The Epidemiology of District Surgery in Malawi: a Two Year Study of Surgical Rates and Indices in Rural Africa|
*This article originally appeared in 1997 and is being republished as the original version is not available online.*
The true surgical requirement of a rural African population is not precisely known.
Data gathered over a 2-year period from 1993 to 1995 on surgical and anaesthetic activities in 18 District Hospitals in Malawi are presented.
Theatre records showed that 45,032 operations were carried out at District Hospitals in the study area which had a catchment population of 6,100,000 giving an average annual rate of 369 operations per 100,000 population (range 151-1337). Of the total, 11,466 operations were classed as major, giving an average annual rate of 94 per 100,000 population (range 31-242 / 100,000). Comparable rates for total and major operations carried out in the central referral hospital were 865 and 269 per 100,000, respectively, allowing for referrals. A total of 7,288 caesarean sections (CS) were carried out, constituting 65.6% of all major operations.
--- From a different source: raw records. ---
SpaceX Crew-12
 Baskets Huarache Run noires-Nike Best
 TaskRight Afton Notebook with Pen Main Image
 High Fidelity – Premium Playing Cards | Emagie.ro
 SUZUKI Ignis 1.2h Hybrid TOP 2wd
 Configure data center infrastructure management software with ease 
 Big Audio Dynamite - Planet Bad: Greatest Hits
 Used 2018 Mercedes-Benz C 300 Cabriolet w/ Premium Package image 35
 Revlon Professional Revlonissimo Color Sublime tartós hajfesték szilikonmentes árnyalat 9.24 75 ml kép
The rural CS rate was 60 per 100,000 compared to the central hospital rate of 151 per 100,000.In the district hospitals, 75% of all surgery, including most major operations, was carried out by paramedical cadres (Clinical Officers or Medical Assistants), 8.2% by the resident District Health Officer and 0.8% by visiting specialists. All general and regional anaesthesia was given by paramedical cadres. The ratios of CS to all operations and laparotomy to all major operations showed a different pattern of surgery between district hospitals and between district and central hospitals. The value of these indices in identifying deficiencies in the surgical services is discussed.